### REQUIRED ACTION
All of the data that follows is to be written out exactly, with images excluded.

### DATA EXCERPT
────────
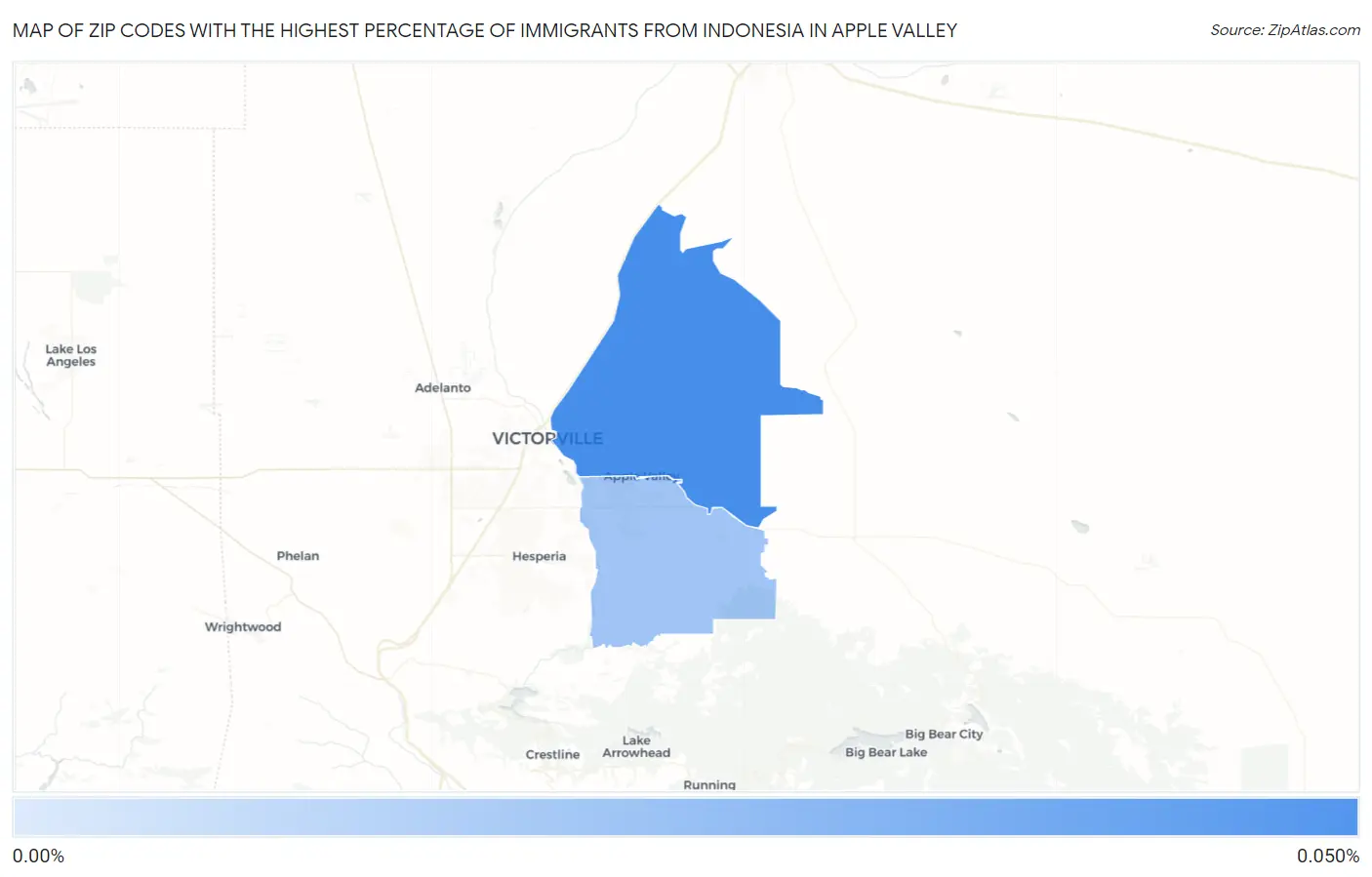 Zip Codes with the Highest Percentage of Immigrants from Indonesia in Apple Valley Map
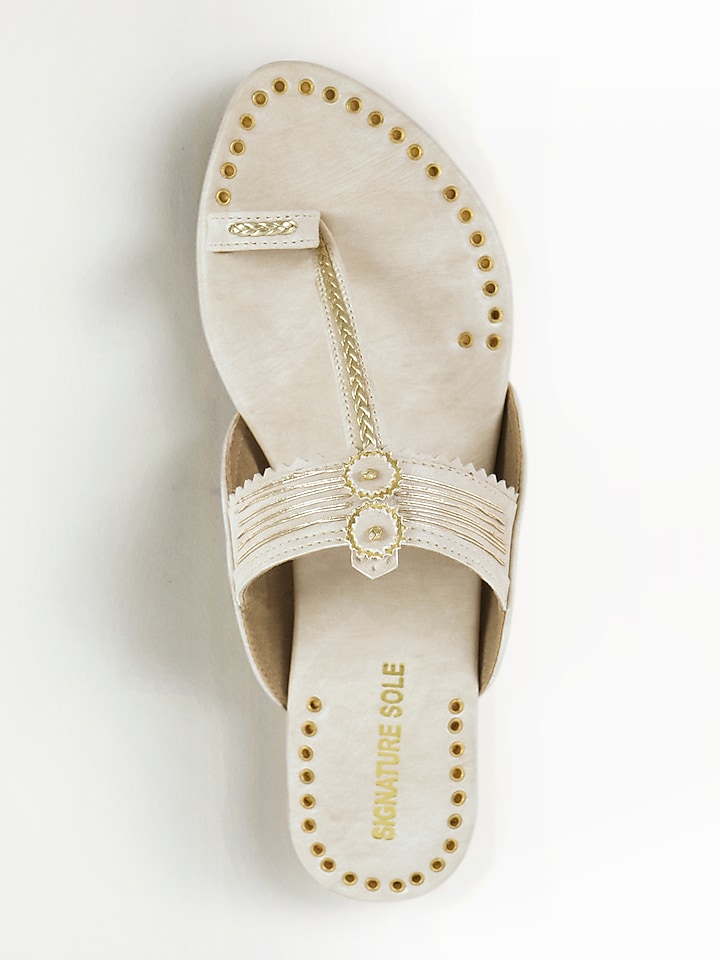 White Anti-Slippery Rubber Hand Embroidered Kolhapuri Flats by Signature Sole at Pernia's Pop Up Shop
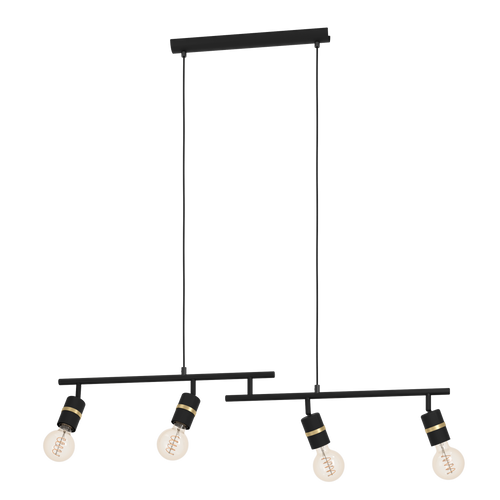 EGLO hanglamp Lurone - e27 - 100 cm - zwart/koper - vtwonen shop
────────
### RESPONSE TO THIS EXERCISE
 Zip Codes with the Highest Percentage of Immigrants from Indonesia in Apple Valley Map
 White Anti-Slippery Rubber Hand Embroidered Kolhapuri Flats by Signature Sole at Pernia's Pop Up Shop
 EGLO hanglamp Lurone - e27 - 100 cm - zwart/koper - vtwonen shop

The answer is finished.